After her husband’s death in 1241, Duchess Hedwig assumed the habit and life of a Cistercian at the Abbey of Treblinz, though she did not enter as a religious in order that she could retain her ability to donate to charities. She was known for her great generosity, her care for the poor and sick, and for her piety and gentleness.

When she died in 1243 (October 12 or 15), Hedwig was buried in the church attached to the Cistercian monastery in Treblinz. She was canonized by Pope Clement IV on March 26, 1267, and in August of the same year her remains were raised to the honors of the altar (that is, interred beneath an altar).

Images of Saint Hedwig often show her with a church, referring to the monasteries she endowed. In the image above, she is holding an image of the Blessed Virgin, a prayerbook and rosary, and with her boots folded over her right arm, which refers to her penitential practice of going barefoot.

Principle source Catholic Encyclopedia


Grant, we pray, almighty God,
that the revered intercession of Saint Hedwig
may bring us heavenly aid,
just as her wonderful life
is an example of humility for all.
Through our Lord Jesus Christ, your Son,
who lives and reigns with you in the unity of the Holy Spirit,
one God, for ever and ever. +Amen.

First Reading: Sirach 26: 1-4, 16-21 [13-16 in RSV]
Happy is the husband of a good wife; the number of his days will be doubled. A loyal wife rejoices her husband, and he will complete his years in peace. A good wife is a great blessing; she will be granted among the blessings of the man who fears the Lord. Whether rich or poor, his heart is glad, and at all times his face is cheerful. A wife's charm delights her husband, and her skill puts fat on his bones. A silent wife is a gift of the Lord, and there is nothing so precious as a disciplined soul. A modest wife adds charm to charm, and no balance can weigh the value of a chaste soul. Like the sun rising in the heights of the Lord, so is the beauty of a good wife in her well-ordered home.

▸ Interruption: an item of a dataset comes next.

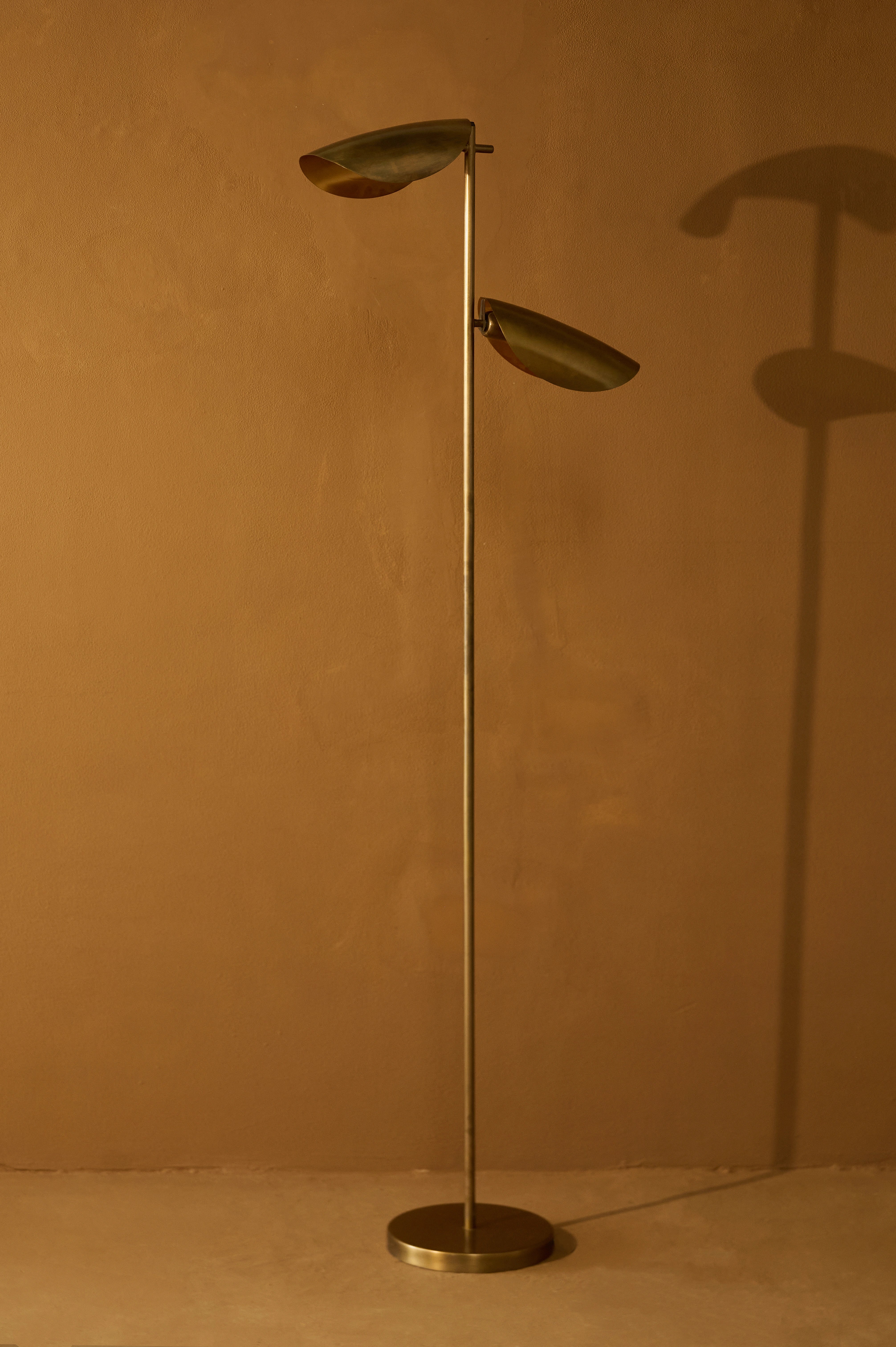 Lior Floor Lamp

Gospel Reading: Mark 3: 31-35
Jesus' mother and His brethren came; and standing outside they sent to Him and called Him. And a crowd was sitting about Him; and they said to Him, "Your mother and Your brethren are outside, asking for You." And He replied, "Who are My mother and My brethren?" And looking around on those who sat about him, He said, "Here are My mother and My brethren! Whoever does the will of God is My brother, and sister, and mother."



(A novena – a prayer recited every day for nine days – may be made any time of the year.)

O St Hedwig, in this world you rejected the honors of the Court, its pomp, luxury and pleasures, and went to be with the poor to help them in the destitution and misery of life. There in Heaven, cast a kind look on us poor mortals, and obtain for us the grace (mention your request) and that of living in the peace and friendship of God. Amen.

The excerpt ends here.